Heather Stringfellow heads up the Rape recovery center in Salt Lake. She used to be a detective for the Salt Lake City Police department, and her first piece of advice is to know what's going on around you and trust your gut instinct.

Heather Stringfellow, Dir. Rape Recovery Center: "The number one thing that I found in common with the victims of crime that I interviewed was that they had an odd sense about the person that attacked them."

She says if a woman senses something is unusual, or if she suddenly becomes nervous, she shouldn't dismiss that feeling, and look away. Instead Stringfellow says, she should boldly look right at the person making her feel uncomfortable.

Heather Stringfellow: "You just look at them straight in the eye. Ask them what time it is, or something silly to say I see you, I see what you look like, and I know what's going on."

Now you've made eye contact and gotten a good enough look that you'd be able to identify him in a line up, you're less appealing as a target. Perpetrators are opportunists. They'll look for women who are alone in secluded places because they don't want witnesses. They'll also look for women who are distracted --talking on cell phones, or rifling through purses because they're easily overpowered.

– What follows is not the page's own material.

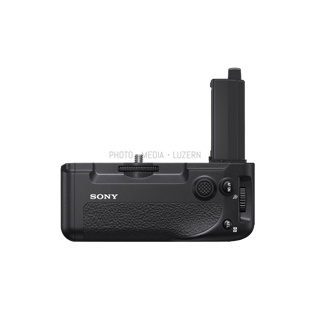 Sony VG-C4EM Batteriegriff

Stringfellow says women who yell, kick and scream are less attractive targets because they're going to cost their perpetrators too much time.

With all that said, Stringfellow says women should not live in fear.

Heather Stringfellow: "It breaks my heart because it’s not women's responsibility to say I can't go running, I can't go walking, I can't go out at night, or do this or that because I might be attacked."

She says the responsibility lies with the perpetrators, and with a society that tolerates attacks on women. But reality is women have to be wary.